▸ WHAT YOU WILL DO
The answer must be the lines from the one containing "Obraz premium an" through the last line of the data below, copied exactly, with nothing else.

▸ SUPPLIED DATA
* * * * * * *

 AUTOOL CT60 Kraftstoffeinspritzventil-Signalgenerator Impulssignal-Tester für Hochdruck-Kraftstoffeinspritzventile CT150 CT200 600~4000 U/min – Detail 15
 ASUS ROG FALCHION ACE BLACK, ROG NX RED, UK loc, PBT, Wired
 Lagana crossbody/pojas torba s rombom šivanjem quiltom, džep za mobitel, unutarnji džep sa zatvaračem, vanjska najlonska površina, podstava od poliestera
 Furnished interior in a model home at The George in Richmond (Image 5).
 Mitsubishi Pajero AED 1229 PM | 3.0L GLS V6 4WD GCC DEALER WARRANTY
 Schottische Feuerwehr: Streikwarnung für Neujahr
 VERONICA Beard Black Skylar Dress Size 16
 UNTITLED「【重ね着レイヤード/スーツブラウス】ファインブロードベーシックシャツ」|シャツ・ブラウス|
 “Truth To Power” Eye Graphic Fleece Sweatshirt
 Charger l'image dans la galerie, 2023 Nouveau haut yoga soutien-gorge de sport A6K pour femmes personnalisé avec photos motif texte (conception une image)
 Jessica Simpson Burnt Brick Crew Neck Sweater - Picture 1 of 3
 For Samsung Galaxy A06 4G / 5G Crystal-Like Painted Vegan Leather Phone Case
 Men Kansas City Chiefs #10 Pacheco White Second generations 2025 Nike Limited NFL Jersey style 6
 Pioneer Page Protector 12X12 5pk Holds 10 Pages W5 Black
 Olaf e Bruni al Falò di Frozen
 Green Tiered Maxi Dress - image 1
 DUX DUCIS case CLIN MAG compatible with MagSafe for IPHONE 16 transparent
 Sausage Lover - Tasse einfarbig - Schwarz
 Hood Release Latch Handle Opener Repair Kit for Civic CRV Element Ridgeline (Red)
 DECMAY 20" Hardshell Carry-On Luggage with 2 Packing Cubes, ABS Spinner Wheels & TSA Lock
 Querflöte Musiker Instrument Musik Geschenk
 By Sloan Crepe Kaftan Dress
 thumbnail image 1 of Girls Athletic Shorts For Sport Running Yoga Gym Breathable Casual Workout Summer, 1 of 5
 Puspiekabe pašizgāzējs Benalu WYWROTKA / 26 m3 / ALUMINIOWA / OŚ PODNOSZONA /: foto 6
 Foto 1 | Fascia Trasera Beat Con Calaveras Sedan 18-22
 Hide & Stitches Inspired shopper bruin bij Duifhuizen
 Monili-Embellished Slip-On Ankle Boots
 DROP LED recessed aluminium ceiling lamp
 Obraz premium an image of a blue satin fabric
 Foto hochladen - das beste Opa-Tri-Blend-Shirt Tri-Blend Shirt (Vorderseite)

* * * * * * *

▸ EXERCISE OUTPUT
 Obraz premium an image of a blue satin fabric
 Foto hochladen - das beste Opa-Tri-Blend-Shirt Tri-Blend Shirt (Vorderseite)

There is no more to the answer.